Streetcars will operate in traffic along with the cars and trucks downtown. That’s part of the reason that critics say streetcars are a poor transit choice. “Circulator streetcars are designed to go slow,” says Gregory Thompson, a transportation-planning scholar and chairman of the light rail transit committee of the national Transportation Research Board (part of the National Academy of Sciences).

Thompson is in the process of moving to Sacramento from Florida, and was invited by Eye on Sacramento to review the plan.

Because of the streetcar’s low speeds and circuitous route, Thompson predicts ridership will be low. “This is not well thought-out as a transportation mode. It’s basically a piece of kinetic art.”

But Sacramento Regional Transit’s general manager Mike Wiley calls streetcars a “pedestrian accelerator,” extending the range that people can walk and explore and spend money downtown.

Streetcar proponents estimate it will only cost a dollar to ride, a big difference from the $2.50 it costs to get on a light-rail train. But RT had $1 fares in the central city as recently as 2009, and with the introduction of its new “connect card,” new distance-based fares are possible.

Who will operate the streetcar?

Not clear. Many of the same downtown developers who are pushing the streetcar have also recently been vocally critical of Regional Transit, and called on the agency to “clean up its act.”

A nonprofit organization will be formed to actually operate the streetcar line, though Regional Transit might be contracted to provide the operators. It’s not clear if that nonprofit would be required to open its books to the public or comply with public records and public meeting laws.

It’s also not clear where the operating budget for the streetcar system is going to come from. According to Harris, it will cost up to $4 million every year to run the streetcar system. About $1 million will come from that West Sacramento sales tax. About $1 million could come from fares. The source of other $2 million annually is to be determined. Harris said the rest of the operating budget might come out of Regional Transit’s budget.

Do streetcars really spur development?

A paid consultant for the streetcar project estimates that the line will generate $235 million to $441 million in increased property values in Sacramento, and $78 million to $154 million in West Sacramento.

Unfortunately, the consultant’s model is something of a black box, and phone calls to ask about the model’s assumptions went unreturned. Thompson says there are no empirical studies showing circulator streetcars have an impact on property development.

Portland is cited as a streetcar success story. But as noted in Eye on Sacramento’s report, there are a wide array of tax incentives and other policies that can be credited with the growth in Portland’s urban neighborhoods.
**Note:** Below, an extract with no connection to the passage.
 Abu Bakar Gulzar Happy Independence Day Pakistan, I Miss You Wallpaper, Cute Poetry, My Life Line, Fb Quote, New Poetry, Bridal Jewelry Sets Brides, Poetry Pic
In short, Thompson says streetcars are frequently credited with encouraging investment where it likely would have happened anyway. “Everybody knows that streetcars encourage property development. But unfortunately, that’s just mythology.”

The streetcar economic study also did not compare possible economic benefits of less costly transit improvements downtown, like better bus service, increased light-rail service, or reduction in central-city fares.

On the other hand, one of downtown’s biggest property owners, David Taylor, says he is convinced the streetcar will make him money. He says downtown property owners can charge higher rents in their properties along the streetcar line. “That increase in rent will produce a return four to five times the assessment. I think it’s worth it,” Taylor remarked at a recent pitch to property owners.